Did the west ridge. I think we did the first pitch that is "not recommended" lots of lose vertical stacked stuff. Tim the man didn't place a single piece on the upper half.
Mazama climb. After 3FJ the day before, this mountain was a welcome relief. The rock was much more reliable and the Sisters were a lot closer.
Fun climb. Looks like there could be several routes at the summit block. Long day (large group). Climbed with a fixed line and a prusik, Down climbed with a prusik half way then rappeled the rest of the way.
Last peak of the 2007 Cascade Challenge Volcanofest. Left PCT TH @ 10.01. Made good time & before I knew it, was at the base of the Nose (on the N ridge). Knowing the relative (in)stability of the rock & looking up, I was highly skeptical. Started up, however, & before I knew it was at the top. While not that difficult technically, one of the scariest soloes I've done- thinking-feeling that any of my hand(or foot)holds might go at any time was quite nerve-wracking. Remaining scrambling was fun- summited at 14.08.
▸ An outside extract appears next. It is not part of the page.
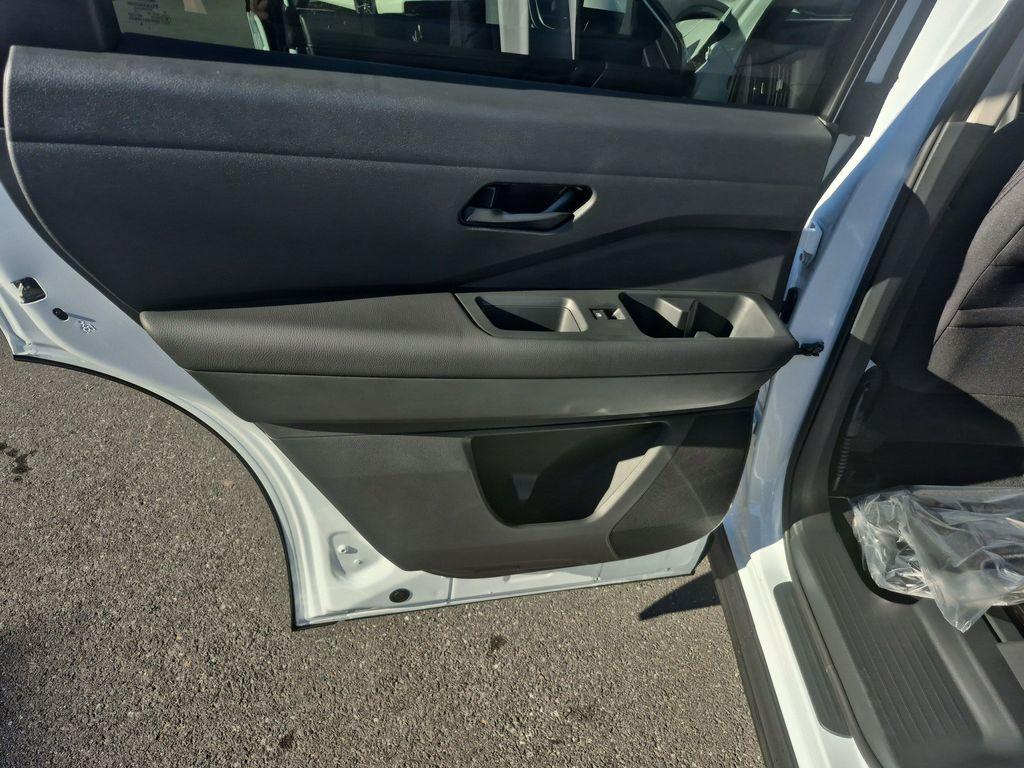 new 2025 Nissan Pathfinder car, priced at $42,279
Hung out at top & BSd with Grant & Steve (also a CU engineering alum). Great views & terrific weather- weird to finally be on the other side of the Sisters! Descended at 15.57 (really glad to rap' down instead of downclimbing the Nose!), got back to car at 18.50.
Back to Bend for Deschutes food & beer! Great trip & look forward to my next OR Cascade volcano trip!
tried 2 winter attempts, but got white-out on one and avy conditions on the other. 3rd time was clear, calm and some snow/ice, giving a nice alpine feel.
Climbed with a group from Oregon Mountaineers Association. Second time I ever rapelled.
Went up to take my 4th climb up this beautiful peak. Got to the trail head to find the whole area restricted due to the fires. Some force took over us and we ended up on top and apparently the only ones for the last 10 days. Had a great time even under the threat of the cold fast wind and supposed fire.
After summiting Three Fingered Jack the day before, our group reached the top of this beautiful mountain. My last peak climbed for the summer. A great climb and one of my favorite panoramic views of any of the Oregon Cascades.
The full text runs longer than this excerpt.